Although the kernel in Fig. 15.5 avoids global memory bottlenecks through constant caching, it still needs to execute four constant memory access instructions for every nine floating-point operations performed. These memory access instructions consume hardware resources that could be otherwise used to increase the execution throughput of floating-point instructions. More importantly, the execution of these memory access instructions consumes energy, an important limiting factor for many large scale parallel computing systems. This section shows that we can fuse several threads together so that the atominfo[] data can be fetched once from the constant memory, stored into registers, and used for multiple grid points.

We observe that all grid points along the same row have the same y-coordinate. Therefore, the difference between the y-coordinate of an atom and the y-coordinate of any grid point along a row has the same value. In the DCS kernel version 1 in Fig. 15.5, this calculation is redundantly done by all threads for all grid points in a row when calculating the distance between the atom and the grid points. We can eliminate this redundancy and improve the execution efficiency.
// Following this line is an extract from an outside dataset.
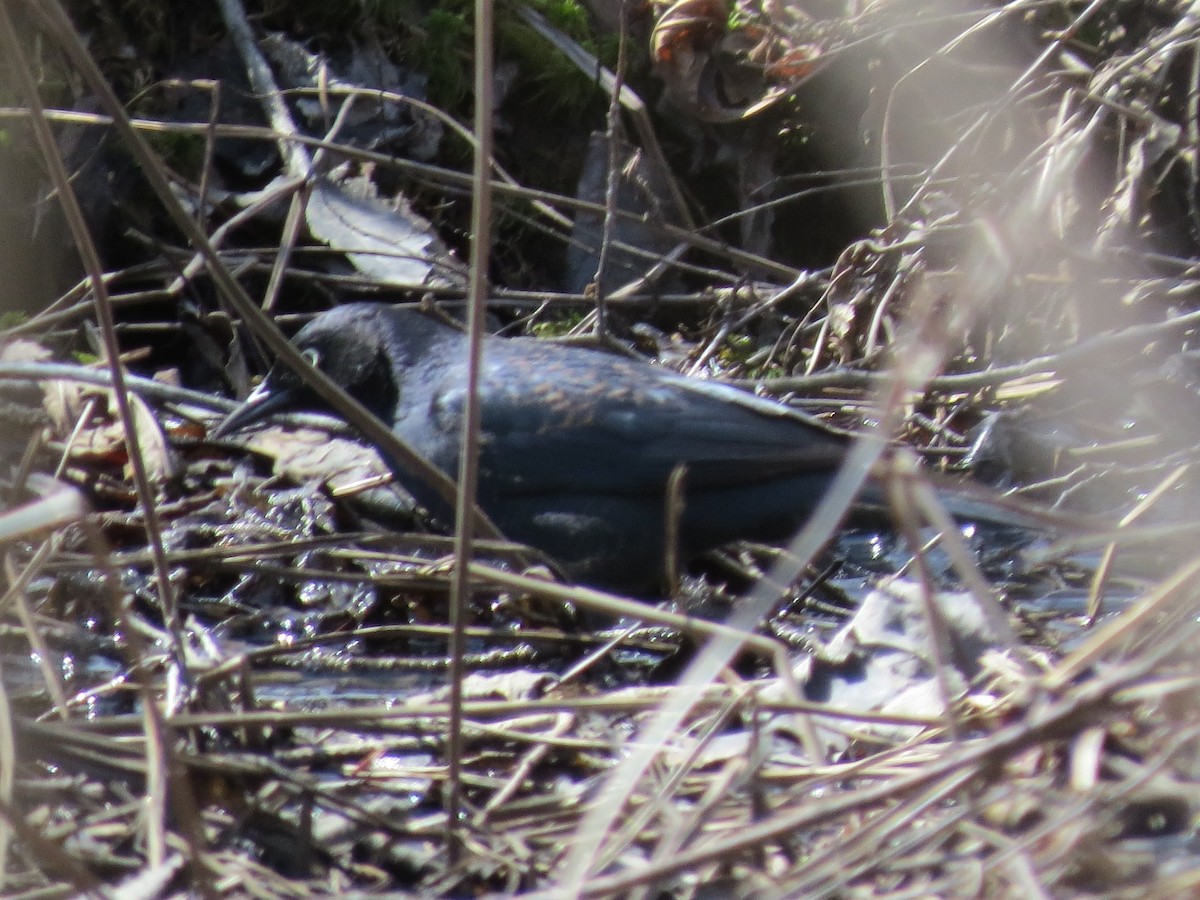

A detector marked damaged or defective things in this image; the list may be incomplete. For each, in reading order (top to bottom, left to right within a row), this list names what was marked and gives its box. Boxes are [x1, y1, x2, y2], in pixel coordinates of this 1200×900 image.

rusty blackbird [216, 306, 932, 596]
The idea is to have each thread calculate the electrostatic potential for multiple grid points. The kernel in Fig. 15.7 has each thread calculate four grid points. For each atom, the code calculates dy, the difference of the y-coordinates, in line 2. It then calculates the expression dy*dy plus the pre-calculated dz*dz information and saves it to the auto variable dysqpdzsq, which is assigned to a register. This value is the same for all four grid points. Therefore, the calculation of energyvalx1 through energyvalx4 can all just use the value stored in the register. Furthermore, the electrical charge information is also accessed from constant memory and stored in the automatic variable charge. Similarly, the x-coordinate of the atom is also read from constant memory into auto variable x. Altogether, this kernel eliminates three accesses to constant memory for atominfo[atomid].y, three accesses to constant memory for atominfo[atomid].x, three accesses to constant memory for atominfo[atomid].w, three floating-point subtraction operations, five floating-point multiply operations, and nine floating-point add operations when processing an atom for four grid points. A quick inspection of the kernel code in Fig. 15.7 shows that each iteration of the loop performs four constant memory accesses, five floating-point subtractions, nine floating-point additions, and five floating-point multiplications for four grid points.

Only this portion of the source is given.